A.Temyiz Yoluna Başvuranlar

Bölge Adliye Mahkemesinin yukarıda belirtilen kararına karşı davalı vekili temyiz isteminde bulunmuştur.

B.Temyiz Sebepleri

Davalı vekili temyiz dilekçesinde özetle; bedelinin düşük belirlendiğini, faize hükmederken kamu alacakları için öngörülen en yüksek oranda faize hükmedilmesi gerektiğini ileri sürmüştür.

C.Gerekçe

1.Uyuşmazlık ve Hukukî Nitelendirme

Uyuşmazlık, temel olarak davacı ... İşleri Genel Müdürlüğü ile davalı arasındaki kamulaştırma bedelinin tespiti istemine ilişkindir.

2. İlgili Hukuk

1.6100 sayılı Kanun'un 369 uncu maddesinin birinci fıkrası ile 370 ve 371 inci maddeleri.

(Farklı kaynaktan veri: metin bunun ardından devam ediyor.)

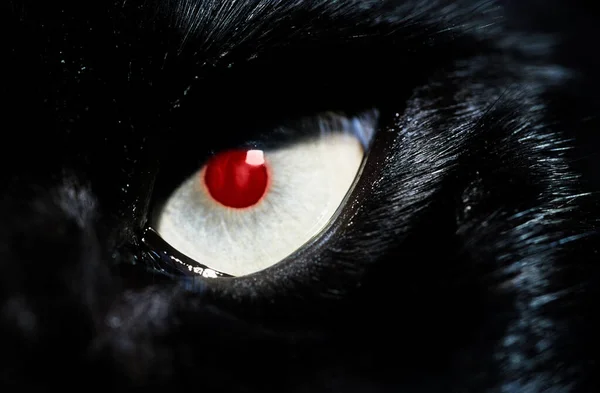 Närbild Svart Katt Med Rött Öga — Stockfoto
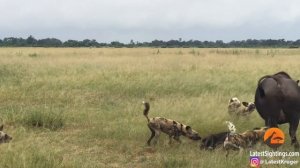 Wild Dogs Take 5 Buffalo Calves in an EPIC Feeding Frenzy!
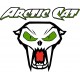 ARCTIC CAT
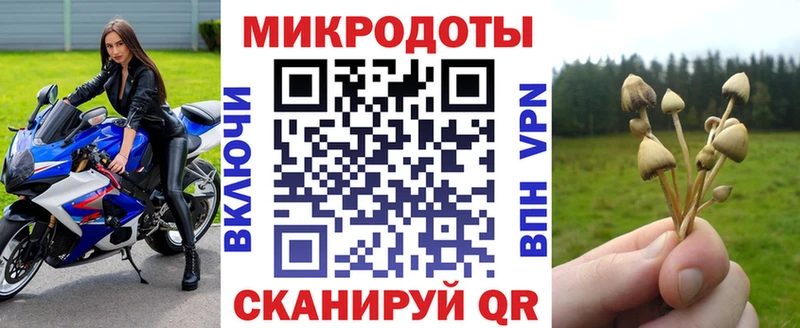 Псилоцибиновые грибы MAGIC MUSHROOMS  ссылка на мегу ССЫЛКА  Нюрба  магазин  наркотиков 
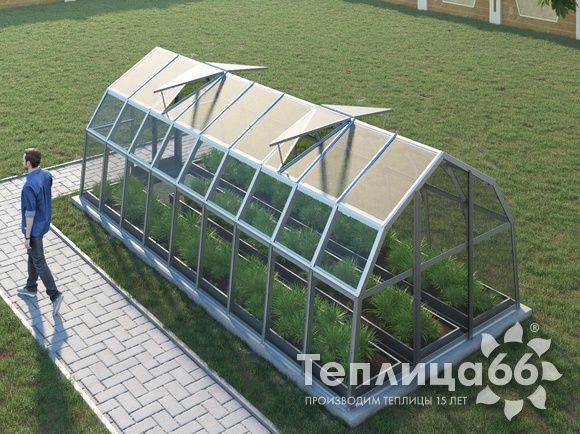 Теплица Рада Нева под стекло, 2,65х6 метров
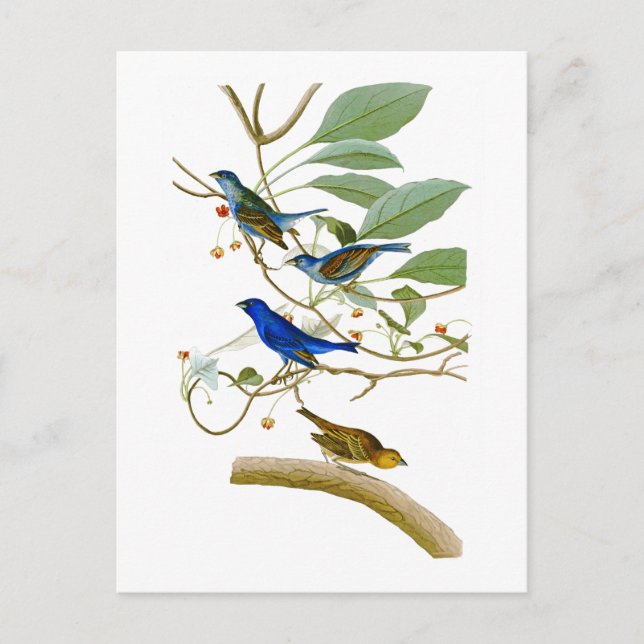 Postal Indigo Bunting John James Audubon Birds of America (Anverso)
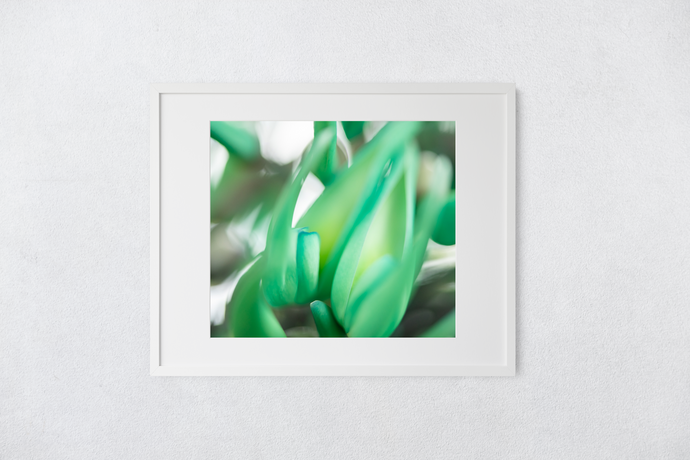 Jade vine plant, macro photography, abstract, Oahu, Hawaii, Framed Matted Photo Print, Image
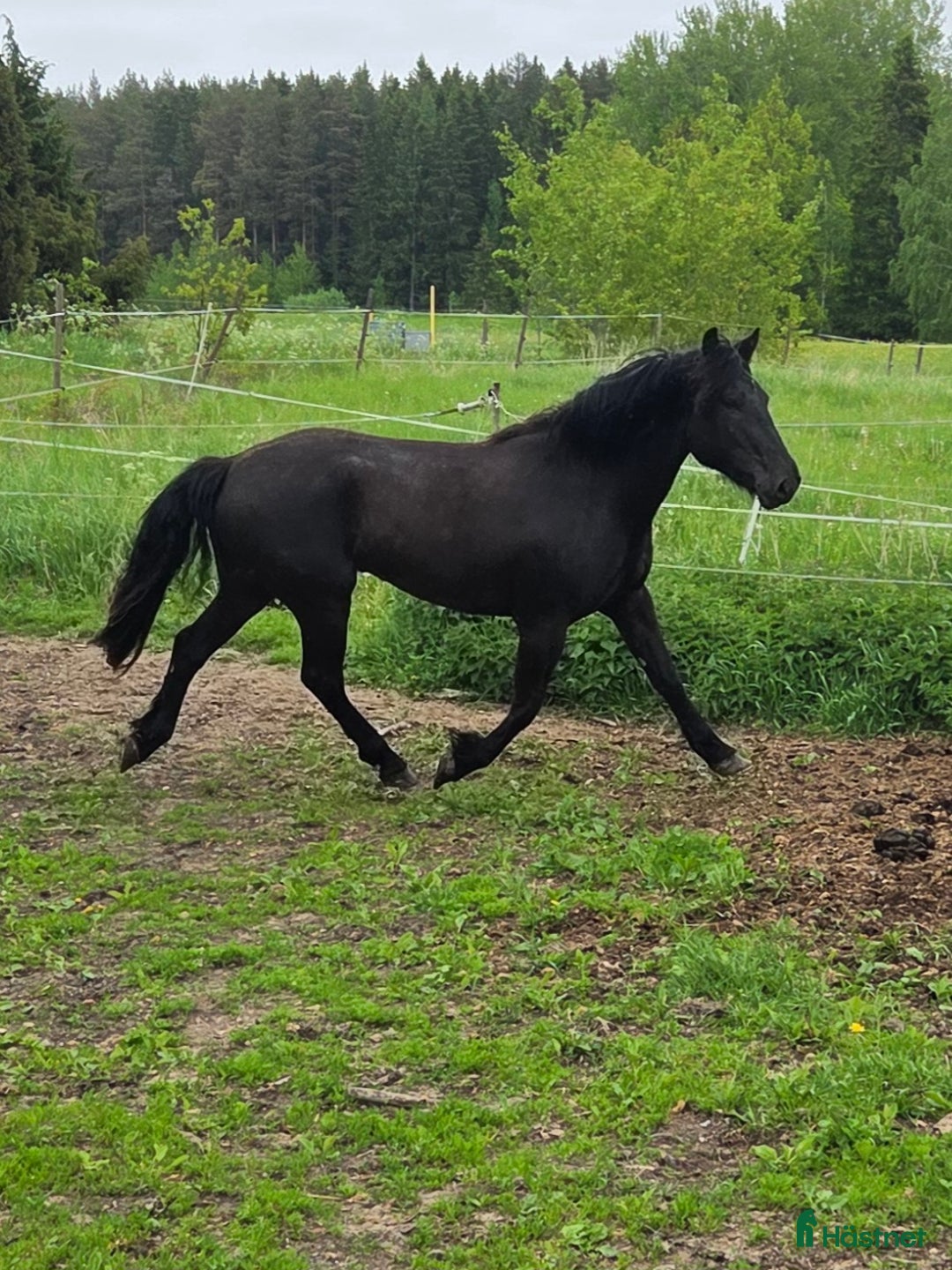Allround hästar till salu: Snäll valack som blir det man gör honom till. i Folkärna - Annons 2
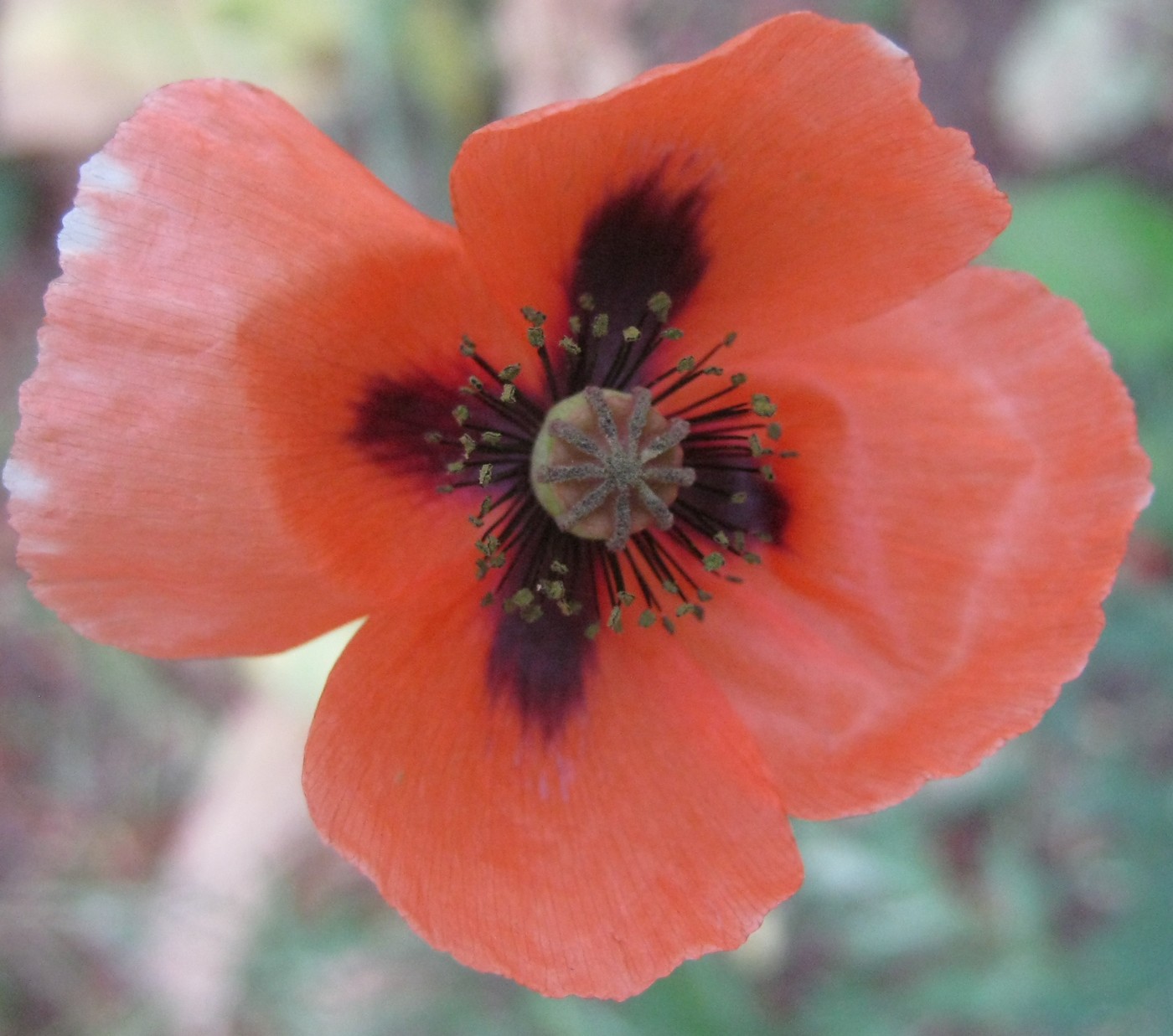 Image of genus Papaver specimen.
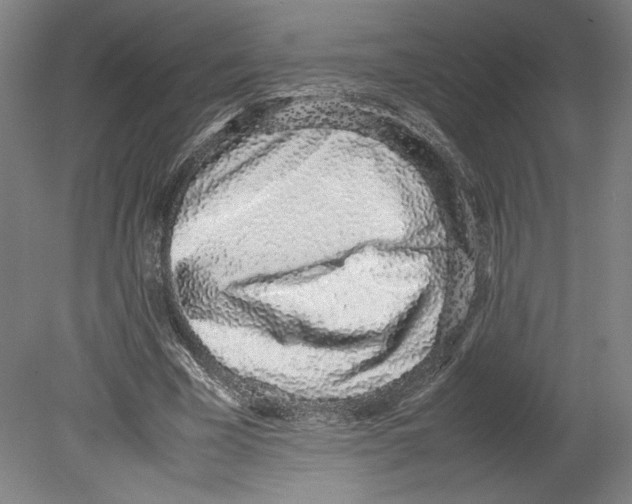 X0000080140585200701051515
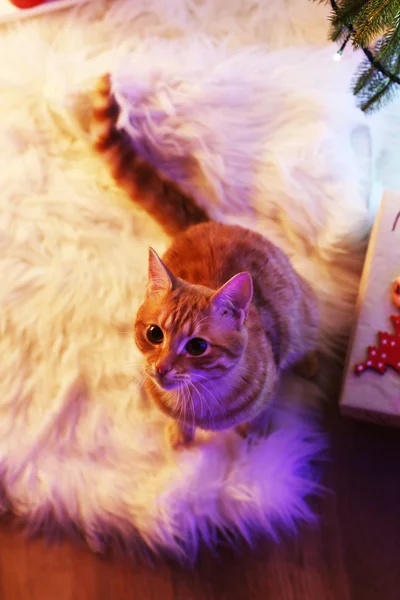 Gato vermelho em casa na época do Natal — Fotografia de Stock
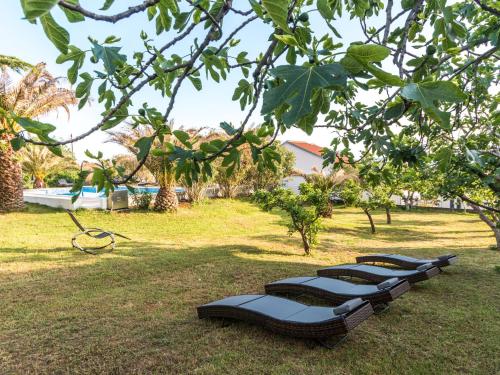 Gorgeous Holiday Home in Bibinje near Sea - image 5
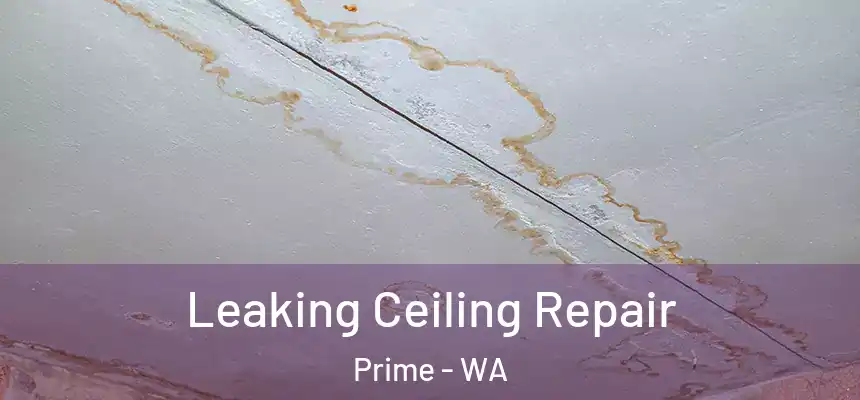  Leaking Ceiling Repair Prime - WA
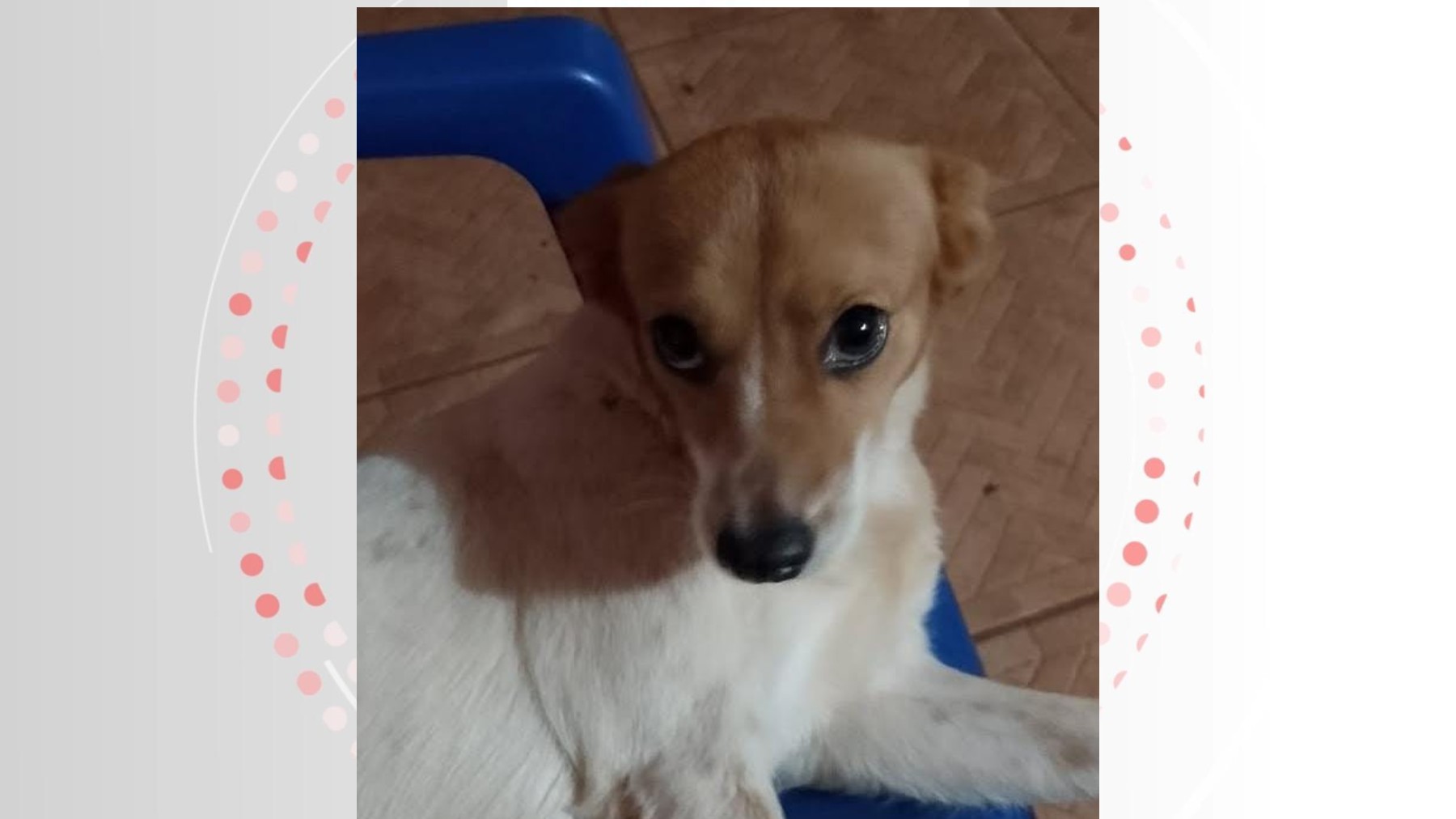 VÍDEO: Cachorrinha cai em poço de 3 metros e é resgatada pelos Bombeiros em Foz do Iguaçu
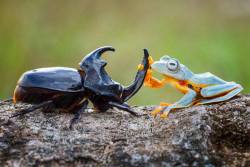 princessjellyfish:  artschoolsucks:  iraffiruse:  Onward, steed!  This happened and humans still think they are the only intelligent life form on earth…  Actually this photo is posed and it’s really quite sad because the frog is showing clear signs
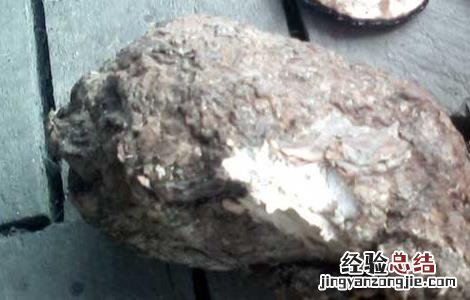 茯苓高产种植技术 茯苓高产栽培技术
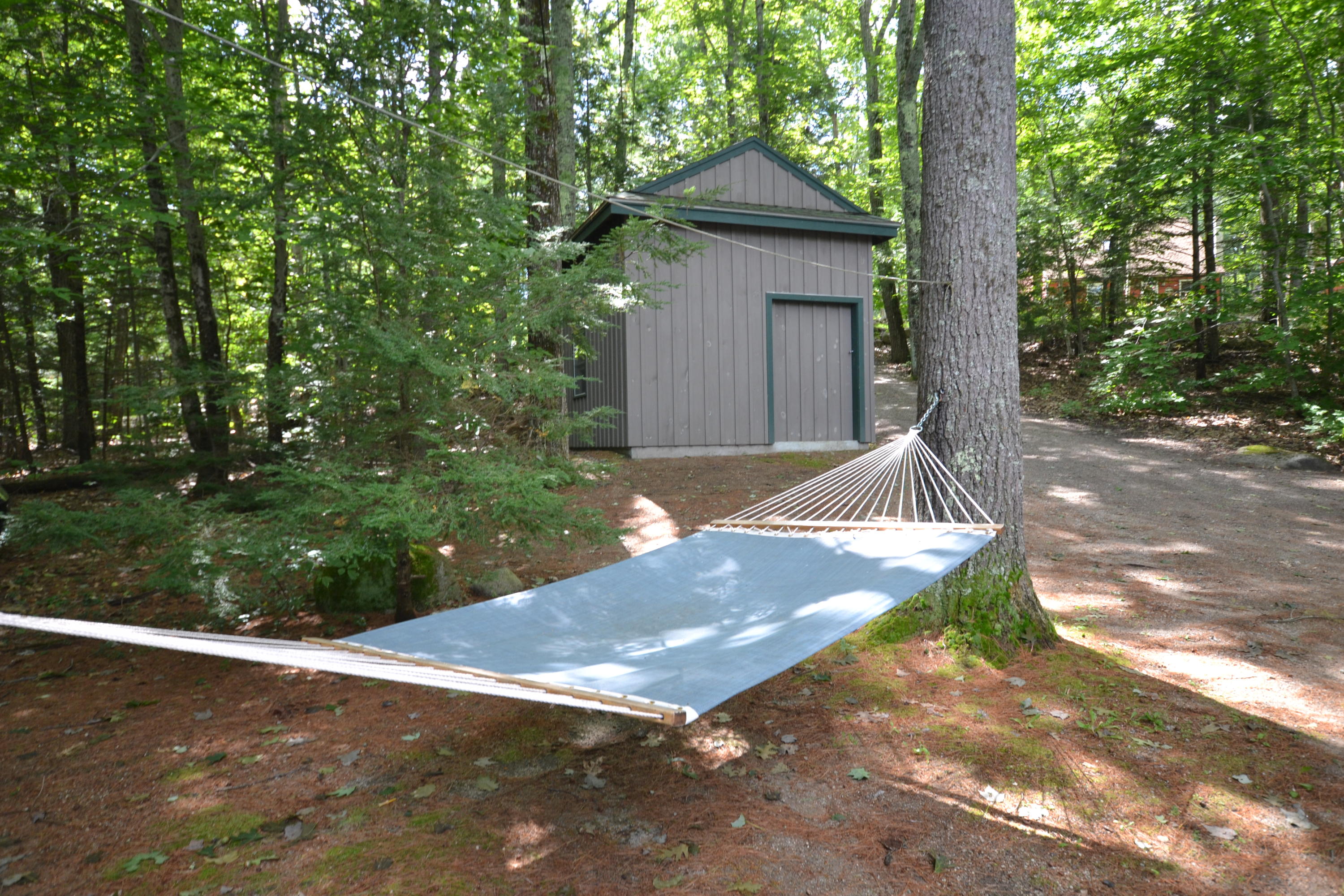 55 Swans Road Raymond, ME 04071 - Photo 20 of 20 Yard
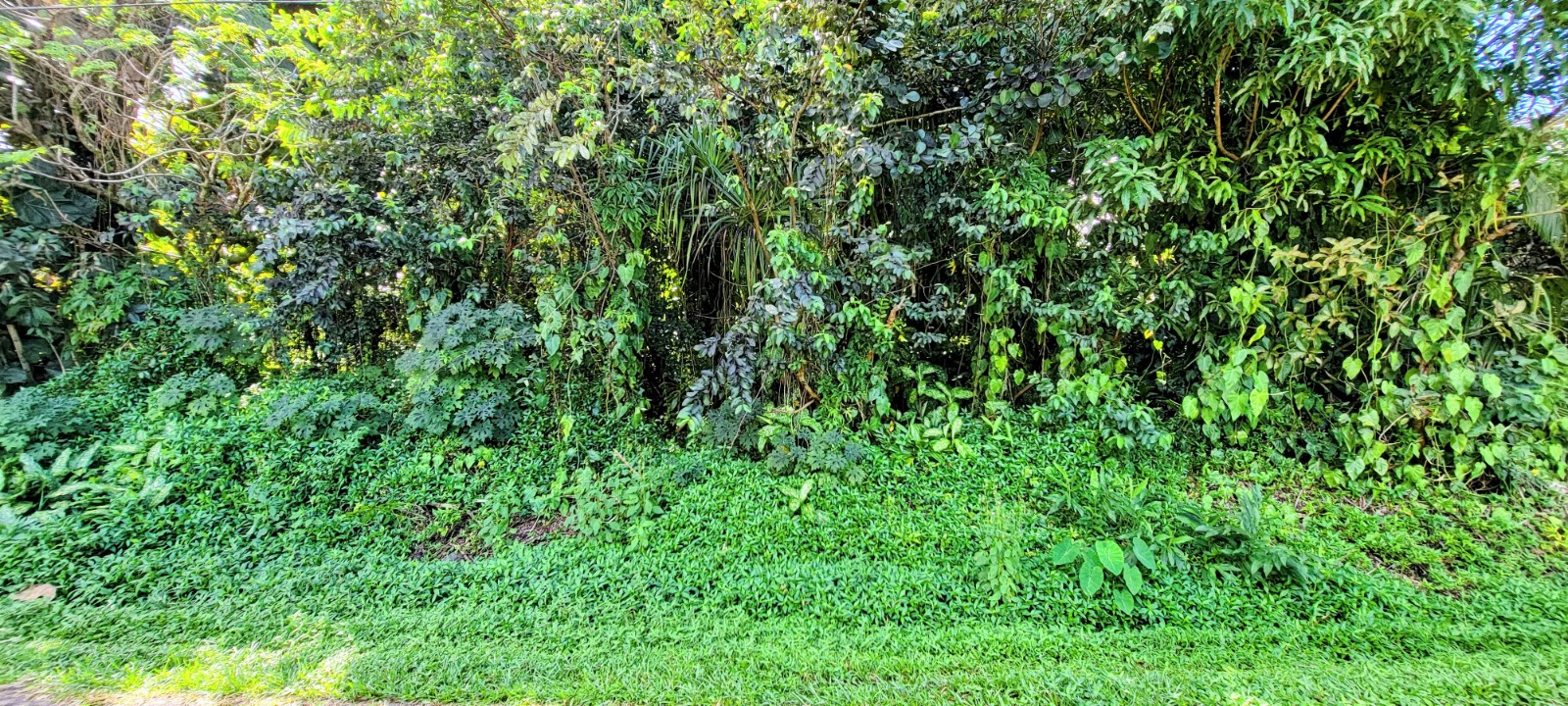 a view of a lush green forest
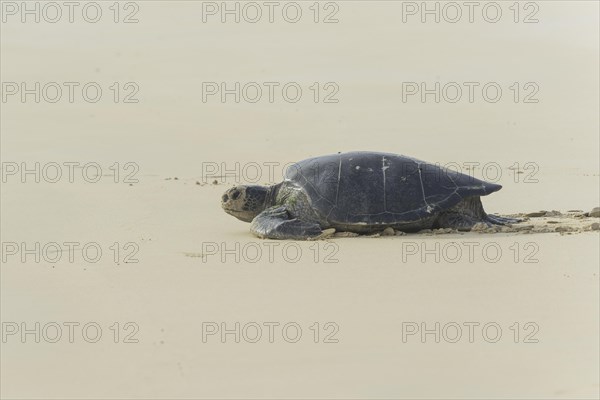 Green Sea Turtle or Pacific Green Turtle (Chelonia mydas japonica) on its way to the sea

2.2942 sayılı Kanun'un 10 uncu maddesinin sekizinci fıkrası ile 11 inci ve 12 nci maddeleri

3. Değerlendirme

1.Bölge adliye mahkemelerinin nihai kararlarının bozulması 6100 sayılı Kanun'un 371 inci maddesinde yer alan sebeplerden birinin varlığı hâlinde mümkündür.

2.Temyizen incelenen karar, tarafların karşılıklı iddia ve savunmalarına, dayandıkları belgelere, uyuşmazlığa uygulanması gereken hukuk kuralları ile hukuki ilişkinin nitelendirilmesine, dava şartlarına, yargılama ve ispat kuralları ile kararda belirtilen gerekçelere göre usul ve kanuna uygun olup temyiz dilekçesinde ileri sürülen nedenler kararın bozulmasını gerektirecek nitelikte görülmemiştir.

VI. KARAR

Açıklanan sebeplerle;

1.Bölge Adliye Mahkemesince verilen 14.11.2022 tarihli ek kararın ORTADAN KALDIRILMASINA,

2.Davalı vekilinin temyiz itirazları yerinde olmadığından usul ve yasaya uygun olunan Bölge Adliye Mahkemesi kararının 6100 sayılı Kanun'un 370 inci maddesinin birinci fıkrası uyarınca ONANMASINA,

Davalıdan peşin alınan temyiz harcının Hazineye irat kaydedilmesine,

Dosyanın İlk Derece Mahkemesine, kararın bir örneğinin Bölge Adliye Mahkemesine gönderilmesine,

08.06.2023 tarihinde oy birliğiyle karar verildi.